Indianapolis’ fashion community continues to gain recognition as an emerging industry. Recently, Polina Osherov, Editor-in-Chief of Pattern, and Danielle Smith of Fresh Fettle, LLC were interviewed on”Inside INdiana Business with Gerry Dick.” The growing interest from the community at-large means that our public projects, as a reflection of our talent and business sense, are allowing us to become a legitimate cultural and economic resource.
I posted the following on my Facebook page the other day:
“Remember, kids. Being a creative isn’t just fancy fabric swatches, displays, models, and styling. It is a business — budgets, proposals, contracts and presentations. It’s a fun ride, though.”
Recently, I was contracted as a “Visual Merchandising Consultant” on a holiday project for the city. I am not going to pretend that making the adjustment from the design table to the boardroom was an easy one, thus I want to share some of what I have learned in hopes of better preparing you to balance your creative vision with good business sense.
TRUTH ONE: Just because they communicate differently doesn’t mean that they are not creative. Stay humble!
It’s easy to jump into a project and take charge as the lead creative thinker, but calm your jets! It doesn’t matter if you’re working with a team or just one other person, you must practice active listening. Chances are that they don’t want a cocky creative coming in and taking over. My experience is that a Project Manager will bring on a creative person to help develop a vision, generate a plan, and execute it. Even if you are confident in your abilities, stay humble in the boardroom. It is our job to execute the vision that the client wants. Our talent and experience is a service that they are paying for, thus it is important to make a good impression because it just might be a working job interview.
TRUTH TWO: Always have a plan A, B, & C, and know that none of them will work out perfectly.

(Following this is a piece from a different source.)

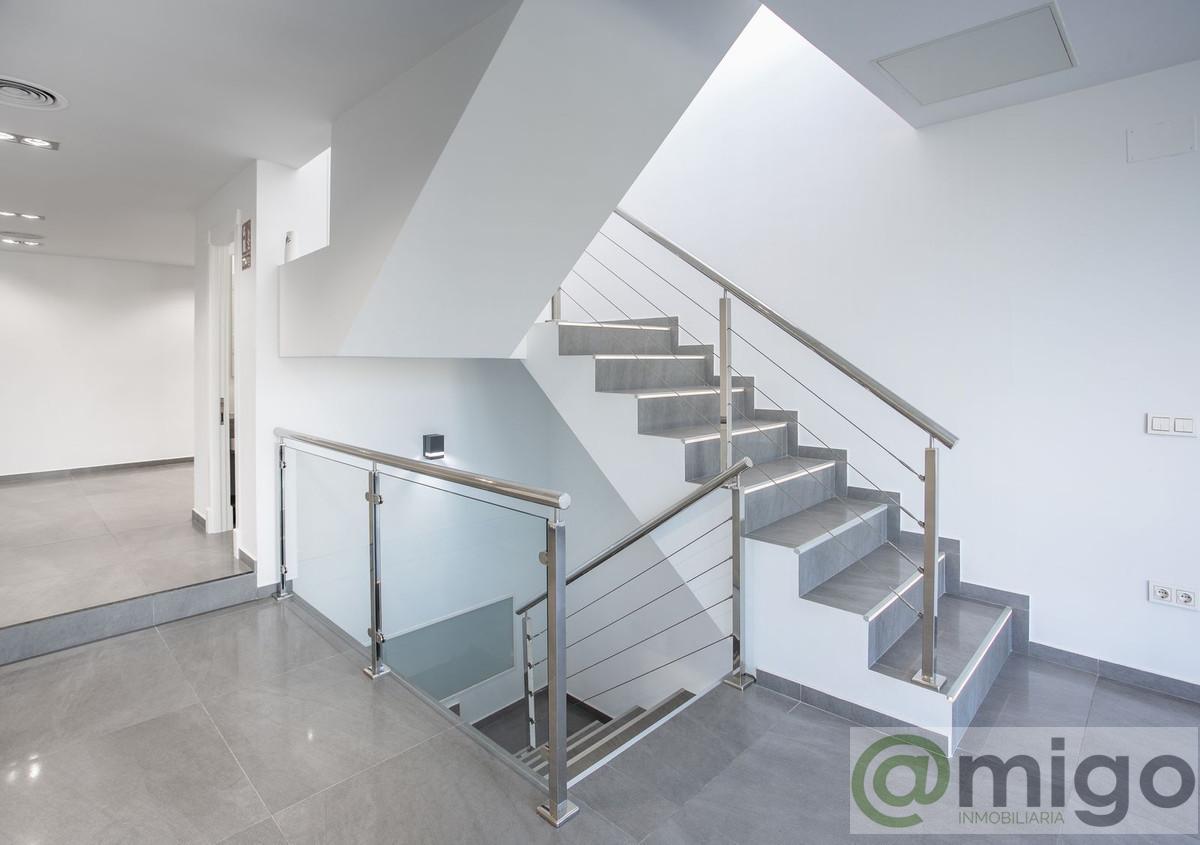 Venta de local en Marbella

It doesn’t matter who you are working with, the scale of the project, or the amount of work needed; the plan will continually need to be adjusted. Patience and flexibility is a must. I have been hired for creative projects where I have produced several plans that met the objectives of a project, only to later discover that the agreed upon plan went out the window due to “administrative tasks.” Expect that a budget that looks so beautiful in Excel will get slashed to pieces and need to be reworked. Just like they may not understand the importance of one design element over another, you may not understand the importance of repeatedly moving line items around a budget. The important thing is to be flexible and professional. We are not the first to experience situations like this in executing a project, and we won’t be the last. We can only anticipate that changes will happen before reaching a successful project completion. Namaste.
TRUTH THREE: Protect YOUR business.
When you are at the design table, it’s rare that you have to fight for your ideas or experience, but in the boardroom, you have to know how to protect and advocate for your business. When taking on a new project, it is better to have an overly-detailed contract than not at all. If you are not careful, the creative side could lose. Don’t be afraid to take your time reading it over and examining the language, as contracts can be intimidating and confusing. I highly recommend talking to someone in the legal profession to help you understand the framework. Compensation and a specific time frame are just part of the project’s contract. It is also a good idea to address what will happen to any other ideas you may share. You have to protect your business, but you also have to make yourself needed.
TRUTH FOUR: Pretend you are on an episode of Hoarders. Keep everything until the end of the project.
Receipts, billable hours, emails, and notes — keep it all. You never know when you are going to need something. Keeping these items organized in a binder, email folder, or computer file helps to protect your business. It is always better to have reference material than to say, “Oh, I must have misplaced that receipt.” Keeping everything on file also serves as a resource for any other projects you are managing.
TRUTH FIVE: Attend Pattern Meetup + other industry networking events.
Network with other fashion industry professionals regularly, and use them as a resource or sounding board for your projects. Get to know people with real experience — you want someone who encourages your growth, not one who challenges it. I am so grateful to the industry contacts whom I go to for advice, inspiration, or a decompressing drink. The Pattern Meet-ups are a great source for connecting, as are other industry events. Creating relationships with others will help you navigate both boardroom and design table challenges. Having a diverse, experienced network is a major key to success.